The defendant must fail in this defense, notwithstanding these facts, for the reason that any and all authority conferred by section 2140 of the United States statutes is confined to acts performed in the Indian country. The act of Congress in question does not authorize a federal officer to seize and destroy spirituous liquors in the state of Kansas, however near it may be to the prohibited line of the Indian country. The officer's jurisdiction in this respect is territorial and confined to the Indian country. Such is the ruling of the United States Circuit Court of Appeals for this circuit in the case of Evans v. Victor, 204 Fed. 361, 122 C. C. A. 531, where the court, in ruling that the land in the original town of Muskogee, Okl., is not part of the Indian country, said:

"It is conceded by counsel for defendants, and is settled by repeated decisions of the Supreme Court, that the power of the officers of the Interior Department, and of the officers of the army, to cause such searches and seizures is limited, by the terms and the true construction of section 20 of the act of 1834, and of sections 2139 and 2140 of the Revised Statutes, to searches and seizures in the Indian country, and that they are without authority to cause such searches and seizures outside the Indian country. * * * The result is that the defendants had no authority to make the search which they made, and those they threaten to make, unless the land in the city of Muskogee on which the plaintiff's drug store was located was in the Indian country."

In Bates v.
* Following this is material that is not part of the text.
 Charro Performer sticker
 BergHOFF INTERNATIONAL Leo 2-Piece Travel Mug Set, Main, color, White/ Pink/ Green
Clark, 95 U. S. 204, 24 L. Ed. 471, where the seizure of liquors at a place not in the Indian country was sought to be justified under this act of Congress, the court ruled:

"The plaintiffs belows violated no law in having the whisky for sale at the place where it was seized; and the twentieth section of the act of 1834, as amended by the act of 1864, conferred no authority whatever on the defendants to seize the property."

See, also, Clairmont v. United States, 225 U. S. 551, 32 Sup. Ct. 787, 56 L. Ed. 1201.